Novel Coronavirus may coexist with humans

With the prolonged outbreak of COVID-19, there is increasing public interest in the Novel Coronavirus situation and containment measures. On February 19, the 94th Pearl River Science Lecture hall was held at guangdong Science Center. Guo Jun, director and doctoral supervisor of State Key Laboratory of Applied Microbiology in South China, was invited to deliver a popular science lecture on the origin of Microbiology and THE prevention and control of COVID-19. In his speech, Guo Jun introduced the development of microbiology from modern times to the present, and from this led to the discussion of novel Coronavirus and the analysis of the trend of COVID-19 epidemic.

Less than 1% of microbes are harmful to humans

What are microbes? Microbe is a general term for all tiny organisms that are difficult to see with the naked eye and require light or electron microscopes, including bacteria (such as lactic acid bacteria, tuberculosis bacillus), viruses (such as rabies virus), fungi (such as Aspergillus aflatus), protozoa (such as green eye worms) and a few algae, Guo said. In addition, some microbes are large enough to be seen with the naked eye, such as large fungi such as mushrooms. Guo noted that microbes are abundant in number and variety, but most of them are harmless to humans. Less than 1% of them are harmful to humans, but almost all infectious diseases are caused by microbes.

Although small in size, microorganisms play a very important role in the circulation of matter in nature. Plants are the synthesizers of matter and the transmutators of matter in the animal world, while microorganisms act as decomposers and cleaners of nature. Some microorganisms also participate in photosynthesis and nitrogen fixation. Without microbes, it could be said, no other life on Earth could survive.

The existence of microbes was not discovered until modern times, guo said. In the mid-17th century, a Dutchman named Leeuwenhoek polished his lens, scraped material from his teeth and put it under the lens. He found microscopic creatures moving. That was how microbes were first observed.

Time came to the 19th century, people explored the relationship between fermentation and microorganism, and found that yeast is a living organism that can cause fermentation.
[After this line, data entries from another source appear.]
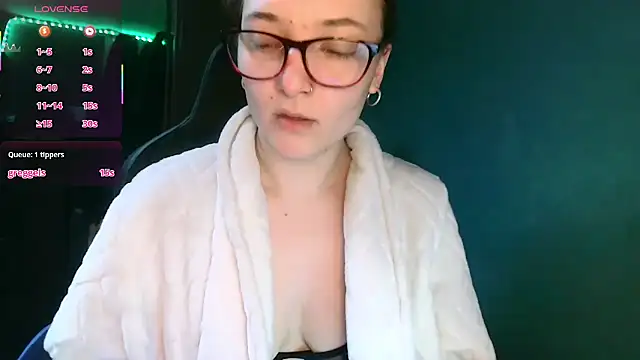 JadeAlexis403 online show from February 20, 7:43 am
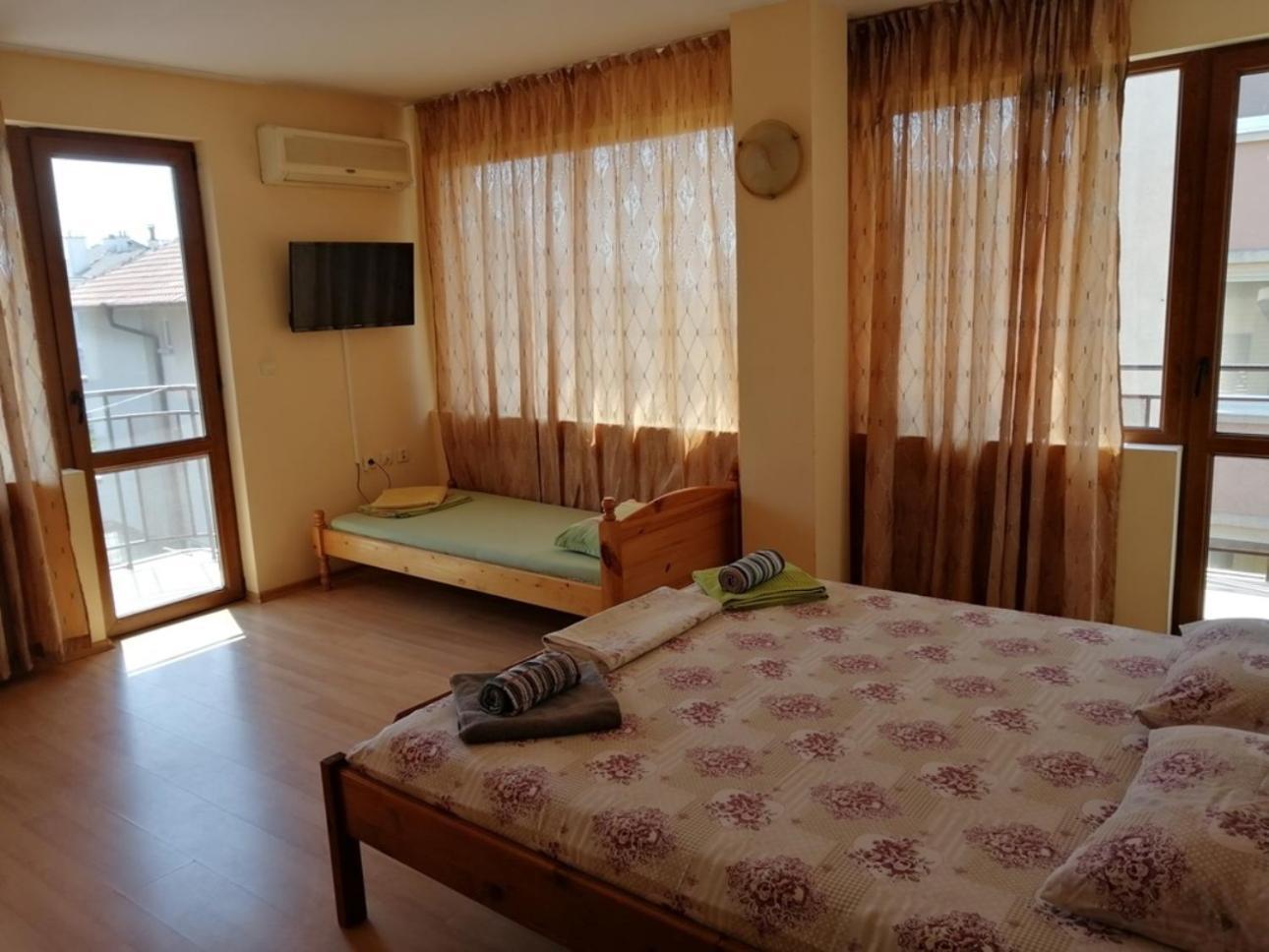 Guest House "Zora - Sarafovo" Burgas City Exterior foto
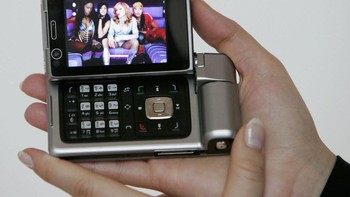 Nokia N92 juga dilengkapi dengan teknologi Digital Video Broadcast Handheld (DVB-H) yang pertama ada di ponsel sehingga ada fitur siaran televisi digital pada ponsel ini. Foto: Getty Images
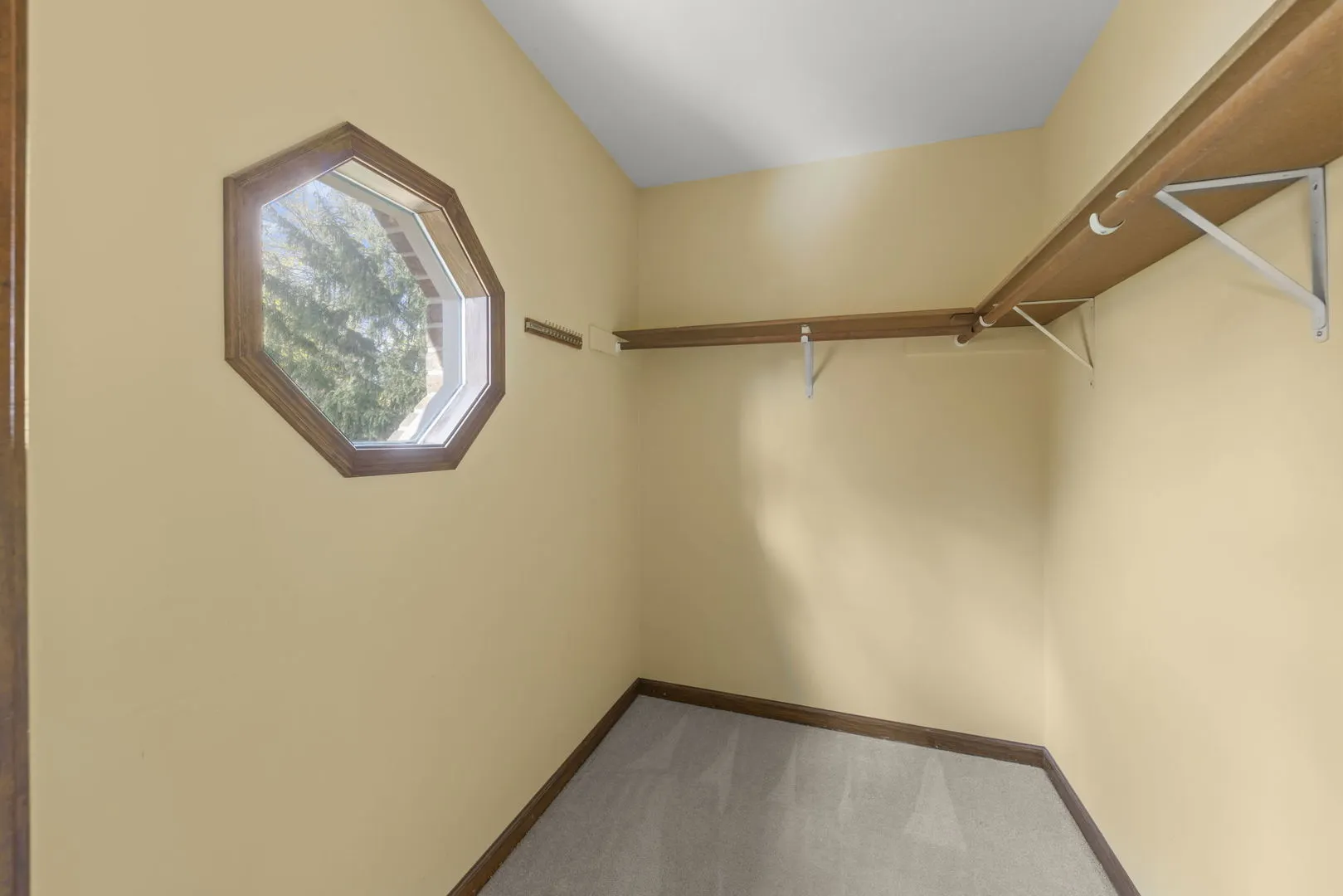 213 Winding Creek Drive IL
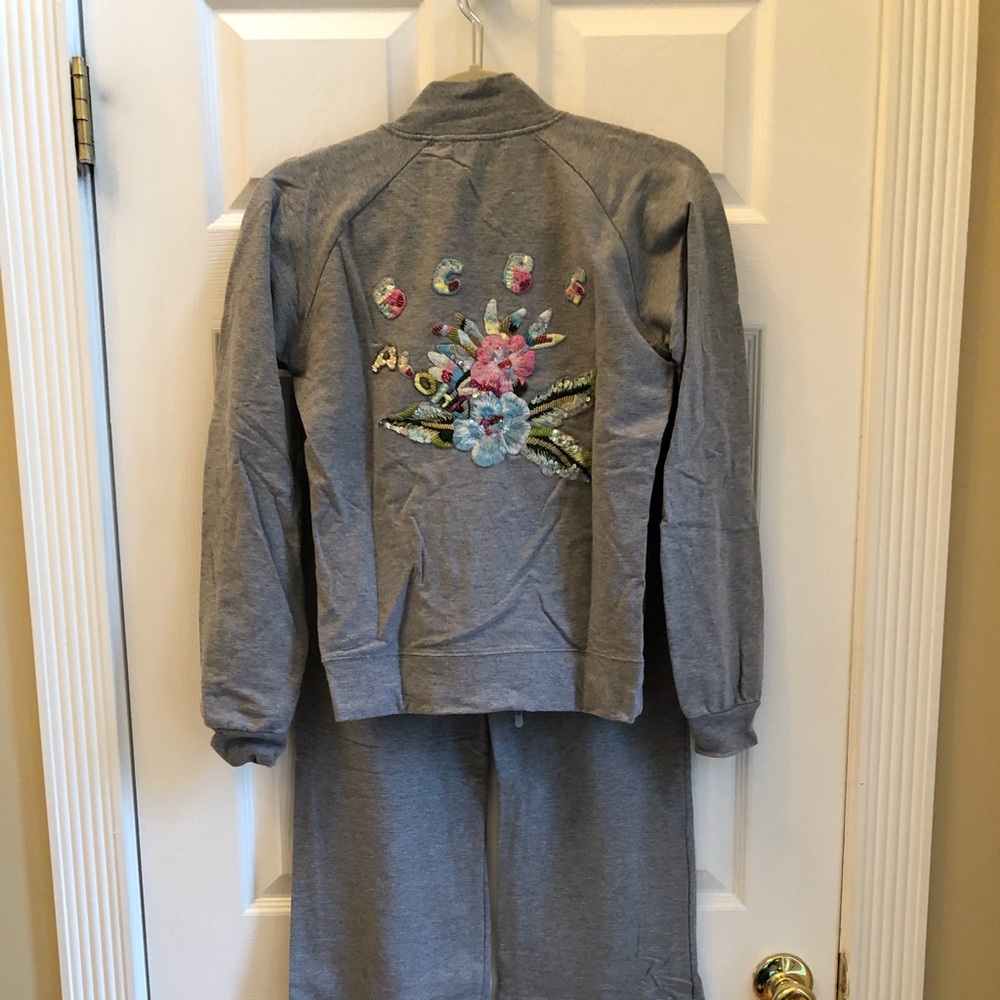 Women’s/Juniors BCBG sweatsuit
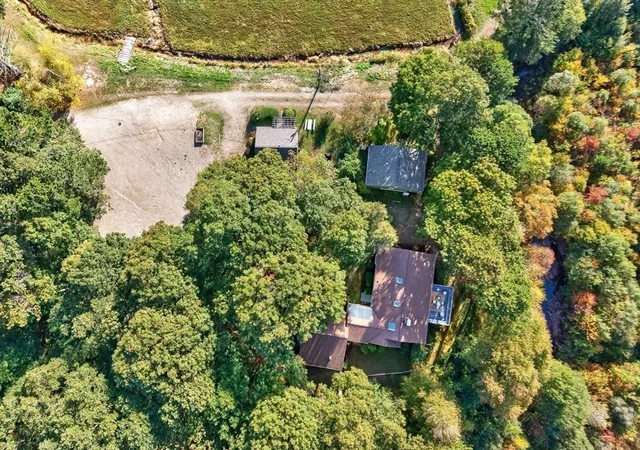 3rd image of 17,17a,17b Cranberry Ln, Falmouth, MA 02536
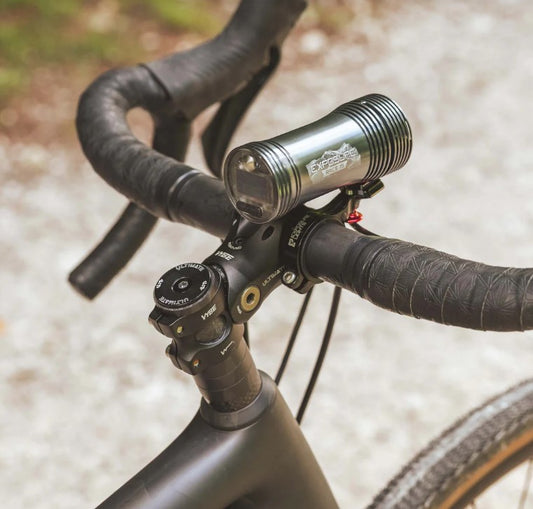 Eclairage avant Exposure Lights Race 19 USB-C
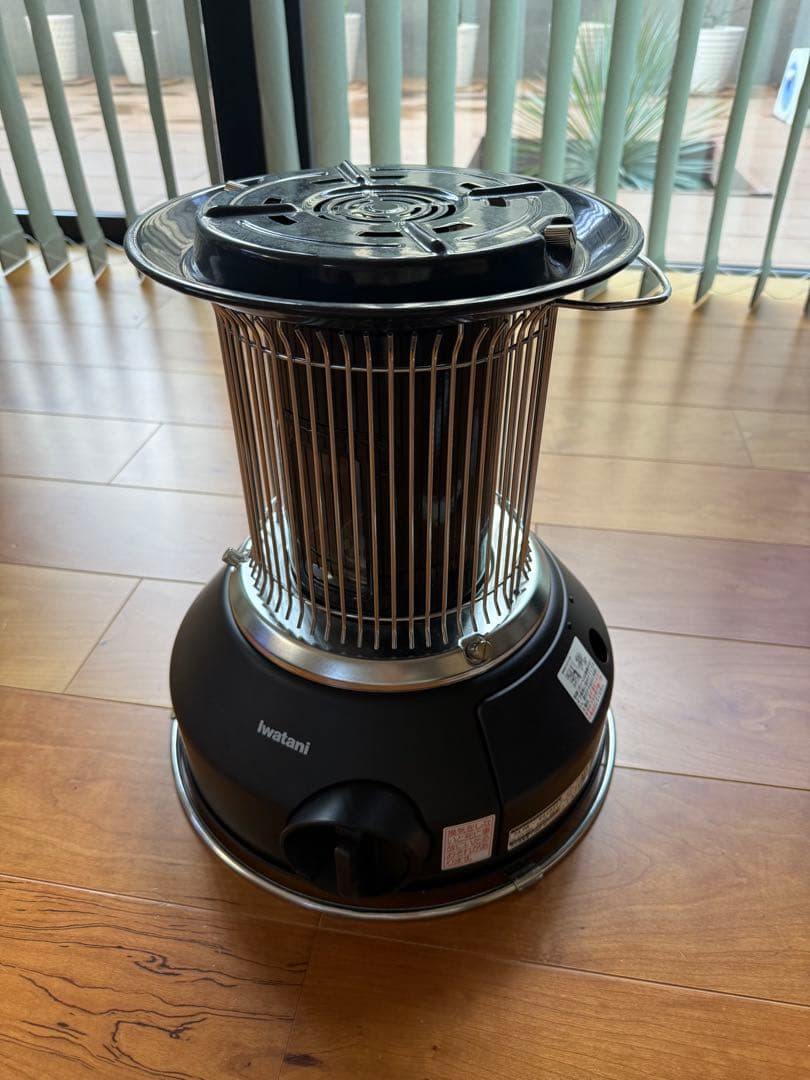 岩谷産業 カセットガスストーブ マル暖 CB-STV-MRD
Since then, French scientists Pasteur and German scientists Koch began to study how to use microorganisms to promote production and improve life. Pasteur discovered that the multiplication of microorganisms caused wine to turn sour, and invented Pasteur disinfection method, made an important contribution to the wine industry. Koch invented Koch’s Law, which put forward that many diseases are caused by microorganisms, laying a foundation for the development of later medical career.

In 1928, British Fleming found a sterile circle around penicillium in a petri dish growing staphylococcus bacteria. Rather than ignore his unexpected discovery, he continued his research and eventually invented the first antibiotic, penicillin, or penicillin. For nearly a century, the drug saved countless lives.

In the course of introducing the history of microbiology, Guo jun said that the most important thing for scientific research is interest. Scientific research workers in the interest of the drive, to maintain focus, continue to explore the unknown, to contribute to the development of modern science.

The vaccine helped reduce the number of severe cases

According to Guo jun, novel Coronavirus is a new type of virus, and viruses are an important part of microbial populations. Therefore, the study of novel Coronavirus and pneumonia epidemic is also an important topic of microbiology research.

He said the total number of novel coronavirus infections in the world now exceeds 400 million, including 77 million in the United States. The number of infections increased by 100 million in a single month from January 7 to February 8 this year, thanks to the introduction of a new variant of omicron in November 2021. The five countries with the most cases are the United States, India, Brazil, France and the United Kingdom.

Guo then analyzed why people get infected with COVID-19 even after getting vaccinated. Novel Coronavirus viruses are RNA viruses of respiratory tract infection. They spread rapidly and are prone to mutation. From the human perspective, it takes time for antibody production to peak, and the duration of antibody potency maintenance also needs to be studied.

As for the effectiveness of the vaccine, Guo explained that after three doses of vaccine, the human body produces Igg and IgM antibodies, which play a protective role. Vaccines contribute to the reduction of severe cases, leading to a significant reduction in mortality, which facilitates “dynamic zeroing” and “herd immunity”.

Finally, Guo analyzed the future trends of COVID-19 infection. Guo jun believes that in the future, there is a possibility of a weakened epidemic of novel Coronavirus, which may coexist with humans. However, Omicron is not a large flu, so we cannot downplay the seriousness of the epidemic and weaken the level of attention. Right now, the fatality rate is 2%, lower than SARS and MERS, but the Novel Coronavirus has the greatest impact on humans.

It is thought that the more transmissible the virus is, the less virulent it is and the less virulent it is. But Guo argues that this view is basically impossible to be biologically correct. In addition, COVID-19 can weaken the body’s immunity and cause a variety of sequelae, including mental retardation, bone disease, and internal and vascular problems. Therefore, Guo jun believes that in order to ensure people’s life and health safety, in the absence of a better way to control the epidemic, the “dynamic zero” strategy will not be adjusted for the time being.